**Exercise aim**
Look below for the line that contains "Study Desk with Open Textbooks and Laptop for Learning Study", then quote it and all the lines after it, exactly, with the pictures left out.

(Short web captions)

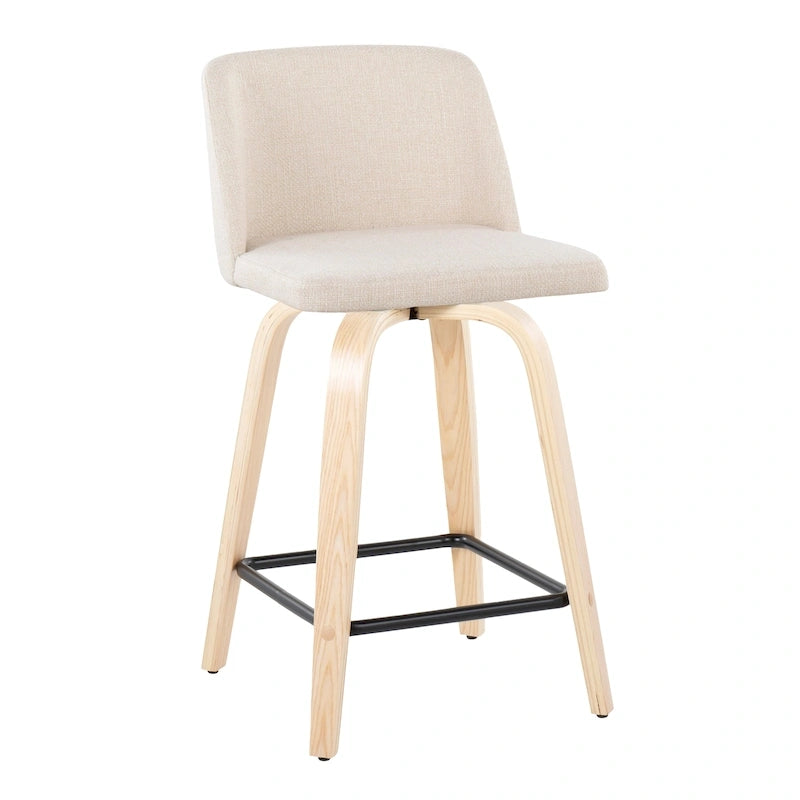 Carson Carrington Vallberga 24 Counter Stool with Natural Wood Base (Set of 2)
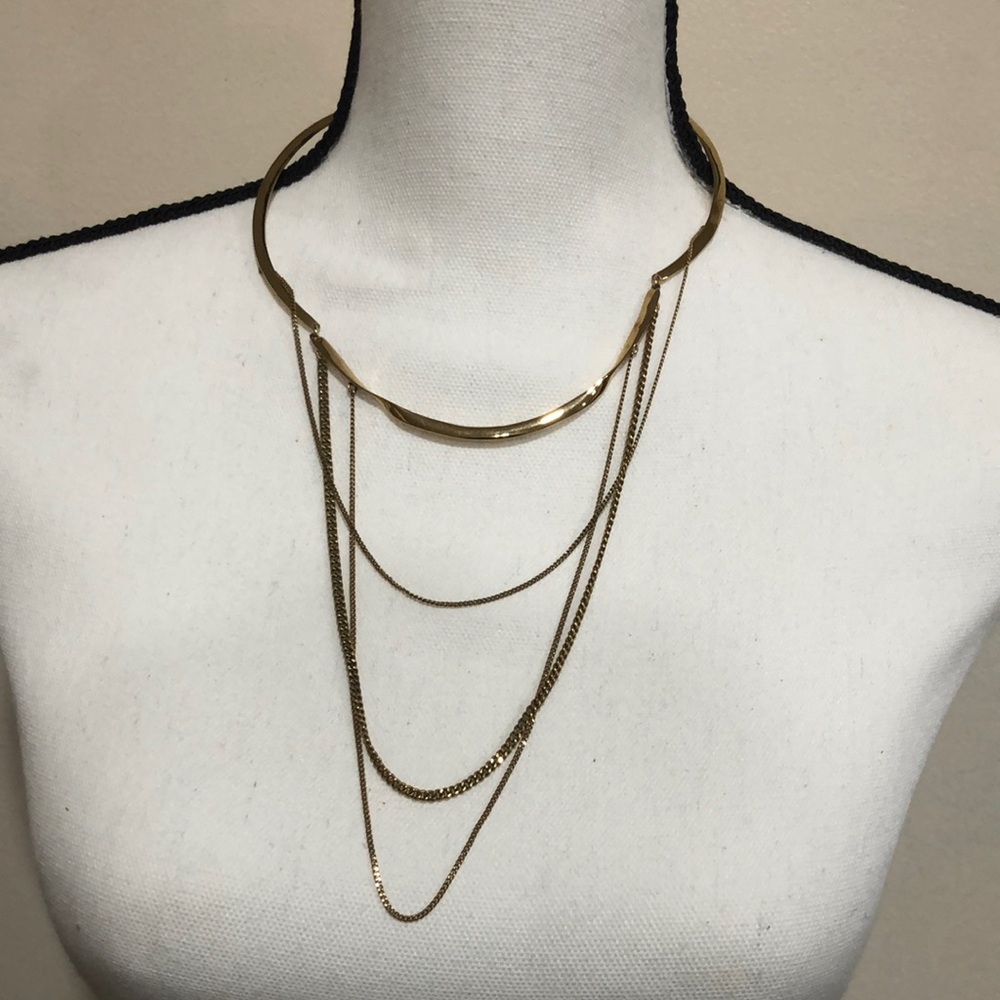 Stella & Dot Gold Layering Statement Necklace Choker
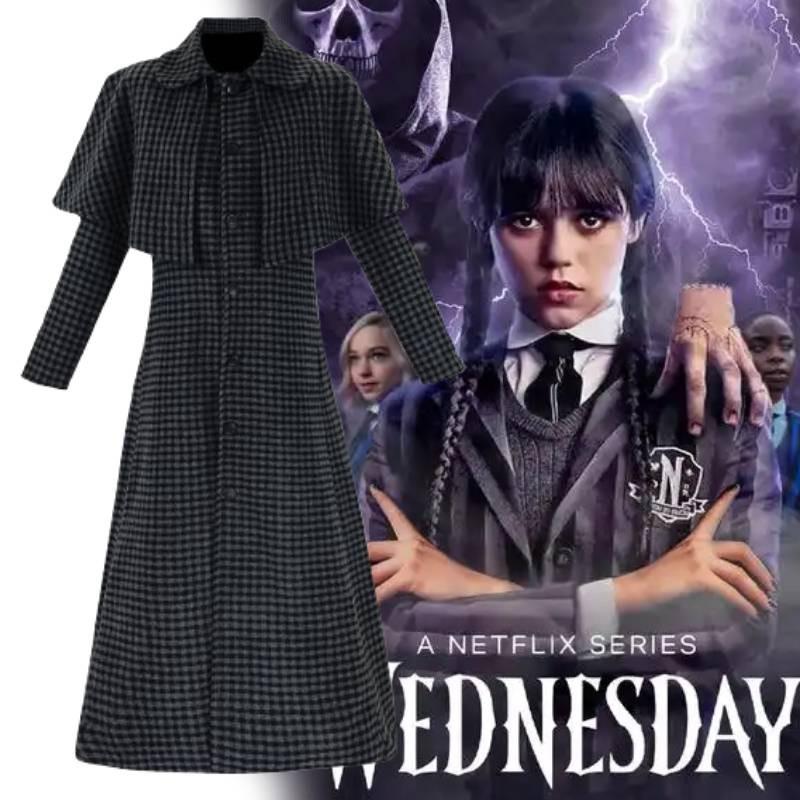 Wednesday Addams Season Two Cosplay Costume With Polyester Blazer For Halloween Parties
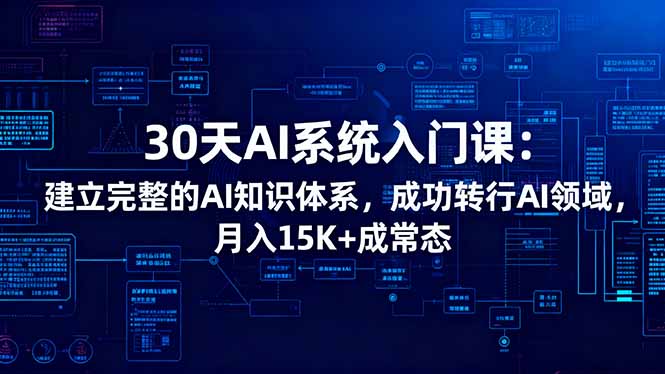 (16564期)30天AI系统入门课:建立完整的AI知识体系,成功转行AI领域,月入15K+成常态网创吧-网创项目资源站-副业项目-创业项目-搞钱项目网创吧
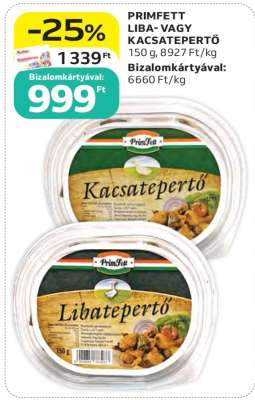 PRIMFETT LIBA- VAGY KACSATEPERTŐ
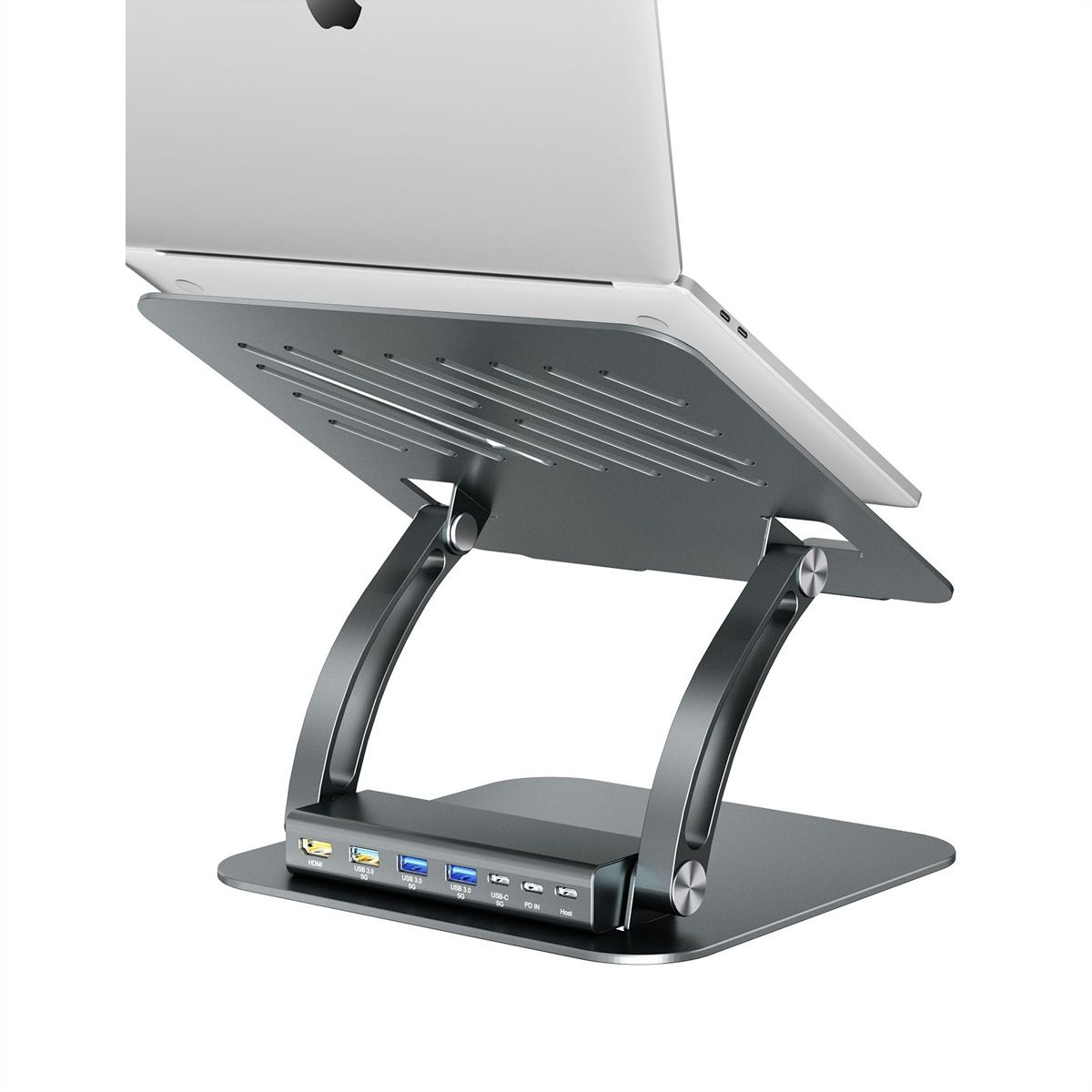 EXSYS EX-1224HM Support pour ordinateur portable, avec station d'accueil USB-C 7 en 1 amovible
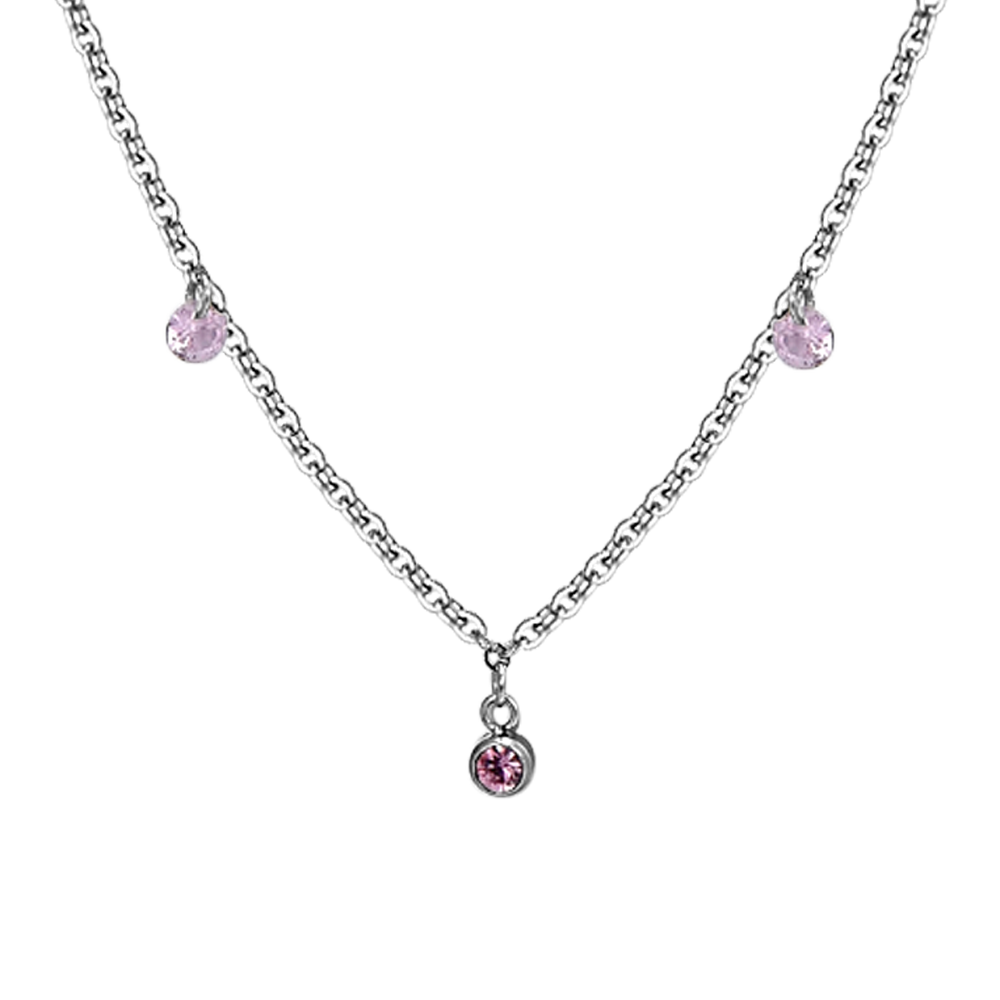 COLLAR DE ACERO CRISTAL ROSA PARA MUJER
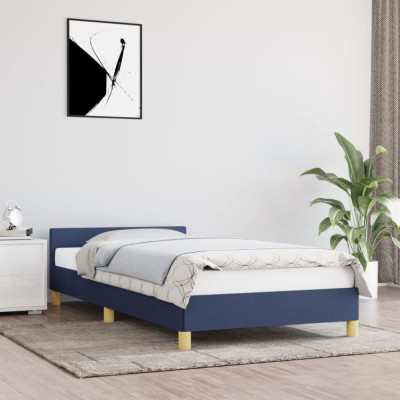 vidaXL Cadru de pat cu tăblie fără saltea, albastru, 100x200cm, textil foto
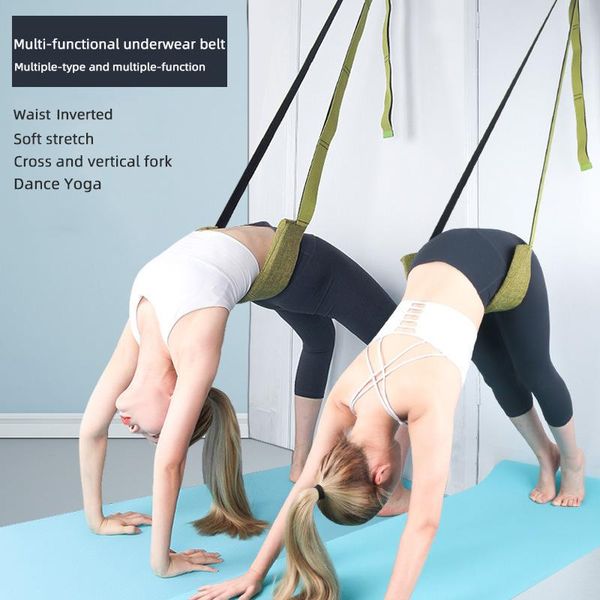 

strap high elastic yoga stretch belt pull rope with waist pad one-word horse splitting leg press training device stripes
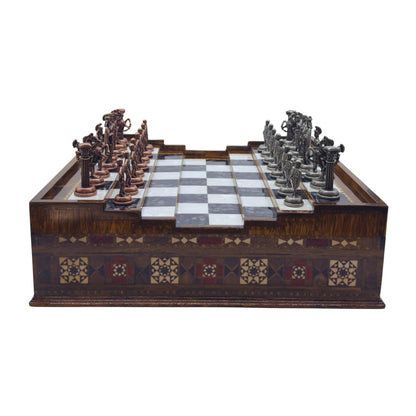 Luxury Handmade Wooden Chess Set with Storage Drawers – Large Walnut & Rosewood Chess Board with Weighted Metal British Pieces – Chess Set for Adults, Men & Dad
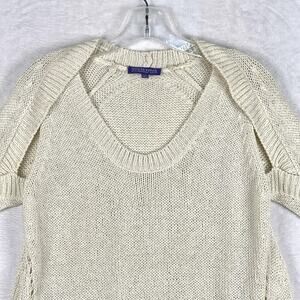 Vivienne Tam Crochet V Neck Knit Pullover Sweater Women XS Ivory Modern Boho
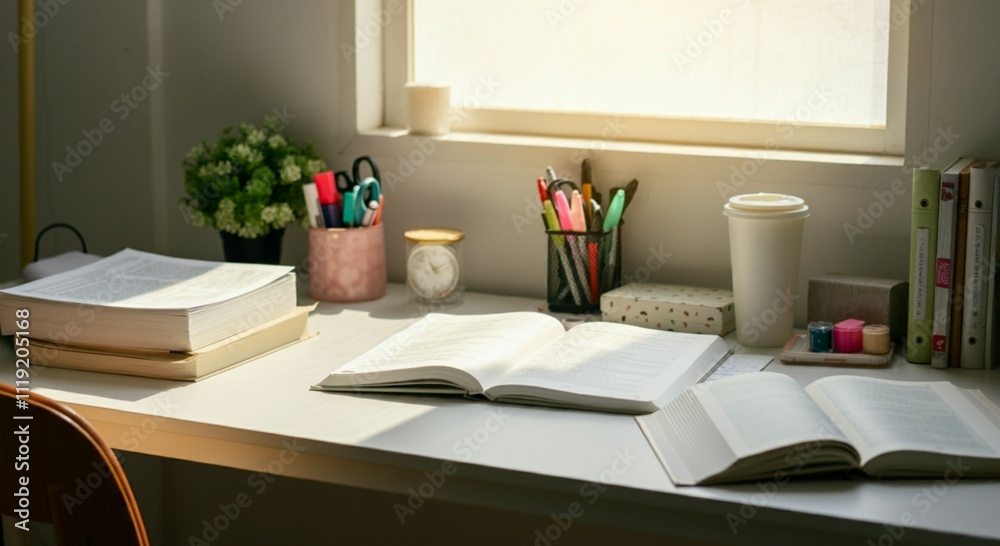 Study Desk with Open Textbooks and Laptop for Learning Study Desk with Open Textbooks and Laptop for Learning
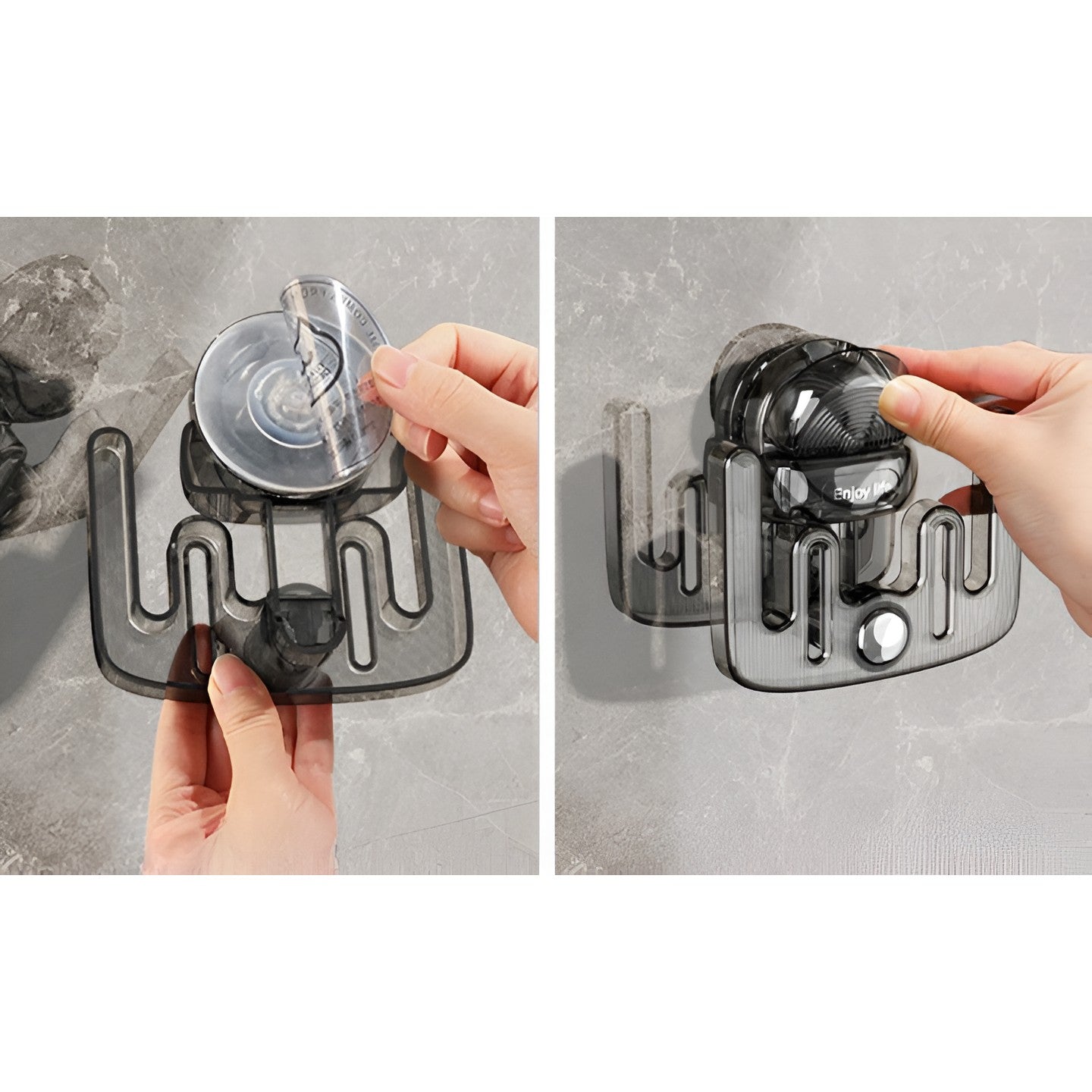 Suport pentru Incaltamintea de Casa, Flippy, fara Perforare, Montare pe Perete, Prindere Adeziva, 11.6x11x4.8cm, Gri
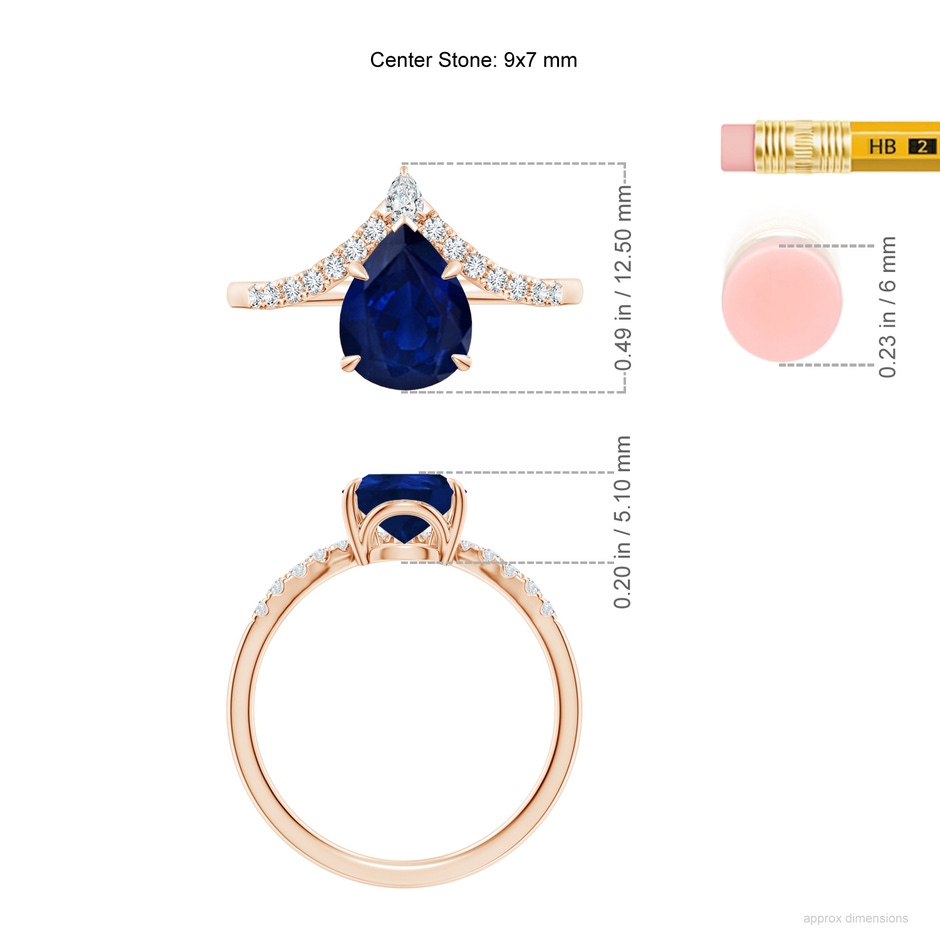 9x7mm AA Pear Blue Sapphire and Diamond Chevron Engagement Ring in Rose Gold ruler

**Answer to the exercise**
 Study Desk with Open Textbooks and Laptop for Learning Study Desk with Open Textbooks and Laptop for Learning
 Suport pentru Incaltamintea de Casa, Flippy, fara Perforare, Montare pe Perete, Prindere Adeziva, 11.6x11x4.8cm, Gri
 9x7mm AA Pear Blue Sapphire and Diamond Chevron Engagement Ring in Rose Gold ruler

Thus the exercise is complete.